Медленно, словно прогуливаясь, они двигались к дому. Берлиненштрассе, к счастью, идёт почти ровно — здесь нигде нет очень уж сильных уклонов и крутых лестниц. Эрнест словно знал, что ей предстоит доживать именно здесь — продал обе другие квартиры, положил деньги на ее счёт. Теперь ей вполне хватает на хлеб с маслом. Да ещё и на колбасу для Арто.

Ах, Эрнест… Ах, Густав. Ах, Пьер…

Ушли они от неё. А её вот время всё не призывает к последнему отдохновению… Уходу. Нельзя сказать, что она так уж сильно расстроена этим. Но вот глаза почти не видят, ноги — не ходят, ревматизм крутит суставы пальцев рук, стоит на небе показаться не то что облачку — дымке, словно от гаванской сигары. Сигары у неё курил Хулио. Она дразнила его Иглесиасом — уж больно гнусаво он пел под гитару… Хотя бог с ним — пускай бы пел. Так уж и его… Лет с… Восемь? Так, она, значит, получила телеграмму о рождении правнучки в… году, а Хулио не стало в предыдущий год. Чёрт! Получается — двенадцать лет. Боже, как они летят — годы-то, годы!..

В подъезд она вошла за Атро — он даже не задержался, как обычно, понюхать, кто тут ещё оставил пахучих «меток» на его территории. Да, она как-то смотрела документальный фильм про волков: у них точно то же самое: каждый самец метит территорию. А ей-то всё было невдомёк — почему это её красавец не сходит сразу полностью на очень удобной лужайке, а всё норовит частями — и под фонарными столбами, и у парапетов мостов.

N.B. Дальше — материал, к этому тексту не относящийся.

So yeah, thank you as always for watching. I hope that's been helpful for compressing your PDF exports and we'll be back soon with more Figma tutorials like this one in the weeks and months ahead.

На решётчатую дверцу старомодного скрипучего лифта она даже не глянула — нужно не сдаваться, а разрабатывать! Ноги и лёгкие… Хотя какая уже, к чертям собачим, разработка — чуть не силой она заставляет себя выходить в супермаркет и сквер. До второго этажа добрались за три минуты: минута — пролёт, вторая — отдых. Потом — ещё пролёт.

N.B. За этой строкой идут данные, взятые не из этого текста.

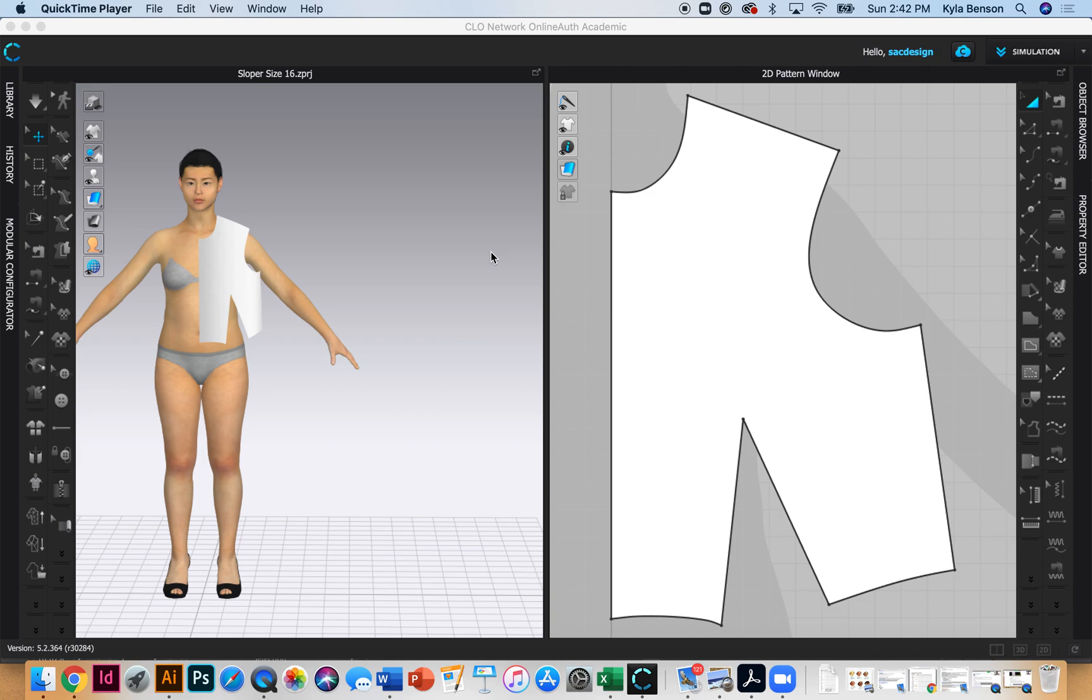Hi everybody, this video is to demonstrate how to draft our front bodice torso sloper in CLO.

Отпирая два мощных замка, она подумала, что железная дверь в её квартире — явное излишество. Давно уж считается хламом всё то, что они с очередным мужем, или она сама, так тщательно выбирали, покупали, радовались, как два идиота, приглашая друзей и знакомых на «обмыв» очередного комода или шифоньера. Или телевизора.

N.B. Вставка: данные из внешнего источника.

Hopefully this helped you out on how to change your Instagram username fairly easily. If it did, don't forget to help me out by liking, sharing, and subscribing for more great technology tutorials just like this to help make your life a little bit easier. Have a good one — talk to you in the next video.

Ну и куда теперь всё это? На свалку? В антиквариат? Оценщик сказал, что «коммерческую ценность» представляет только старинный шкаф — который ей достался от прабабушки. Вот уж ни от неё самой, ни от Эрнеста сей монументальный, и занимавший, казалось, полкомнаты, предмет мебели никогда ничего хорошего не слыхал! Самый мягкий эпитет — старая рухлядь. (а как приложишься локтем — так и вообще!..) А сейчас это определение лучше всего подходит к ней самой.

Протерев песику лапки со стёртыми когтями влажной тряпкой, она зашла в ванну — помыть руки. Потом двинулась в гостиную. Пора включать чёртов ящик. Новомодный плоский агрегат, названия которого она так и не запомнила, с экраном в полстены, мирно стоял прямо на заслуженном ветеране — полупроводниковом «Филлипсе», которым они так гордились. И из-за которого им какое-то время так завидовали все — и соседи (как сделаешь звук музыки погромче, сразу прибегает сверху фру Гретхен — у неё, понимаешь, «малыш не может уснуть!» А то, что «малышу» двенадцать лет, дела не меняет…), и родственнички. Никак она не смогла решиться, и сдать ветерана в утиль.

Да и ладно — подставки зато не нужно.